The FDIC awarded a contract without properly analyzing whether the winning bid's price was realistic for the work required, and without adequately evaluating the contractor's key personnel. The court ruled the FDIC violated its own acquisition rules and ordered the contract award rescinded. This matters to subcontractors because it shows courts will overturn awards when the government skips required evaluation steps, even if the winning contractor seemed qualified.

Key Takeaways

  • Always document your price analysis in writing. If a government agency can't show they reviewed whether your price makes sense for the scope of work, your bid protest has a strong argument.
  • Key personnel qualifications must be evaluated thoroughly and documented. Vague or incomplete evaluation of who will actually do the work is grounds for bid protest.
  • Government agencies must follow their own published acquisition rules. When they skip required steps—even minor ones—courts will rescind the award and restart the process.
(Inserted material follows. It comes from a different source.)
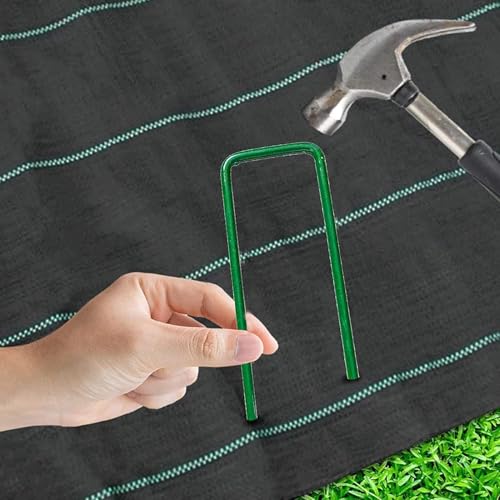 50pcs Green Landscape Staples Heavy Duty 6 Inch 11 Gauge, Lawn Stakes Pins with Coating, Rust Resistant, Blends into Grass for Artificial Turf, Weed Barrier, Pet Fence, Outdoor Decor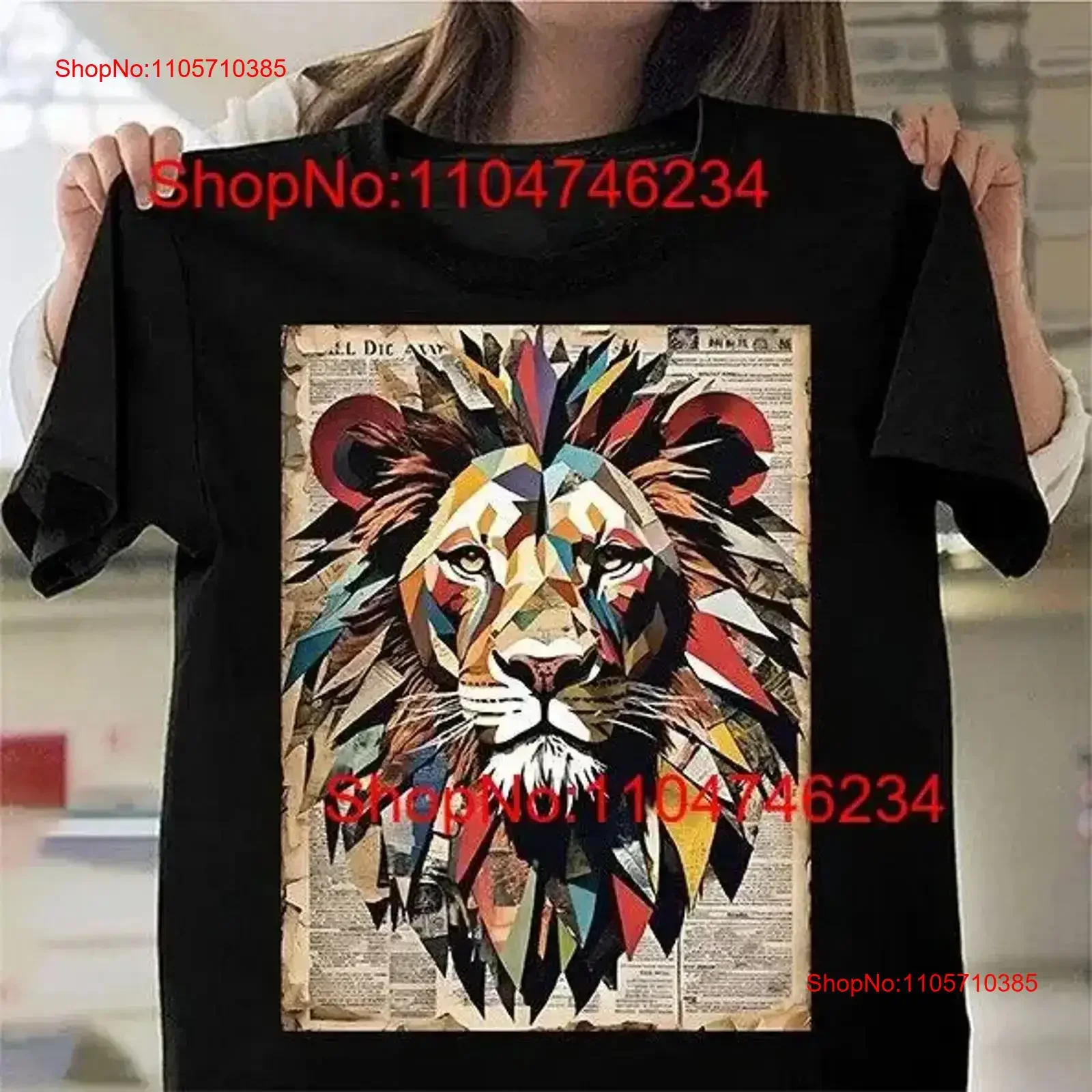 ABSTRACT LION COLLAGE T Shirt Top Artistic Wild Big Cat Geometric Color vintage Washed Casual streetwear Breathable Versatile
The FDIC violated section 3.210(c)(2) by failing to document price realism analysis.

United States Court of Federal Claims, 2013

Frequently Asked Question

What happens if a government agency doesn't document its price analysis before awarding a contract?

The contract award can be rescinded and the procurement restarted. Courts treat documented price analysis as a mandatory requirement, not optional. If the government can't show in writing that it reviewed whether the winning price was realistic, losing bidders have strong grounds for a successful protest.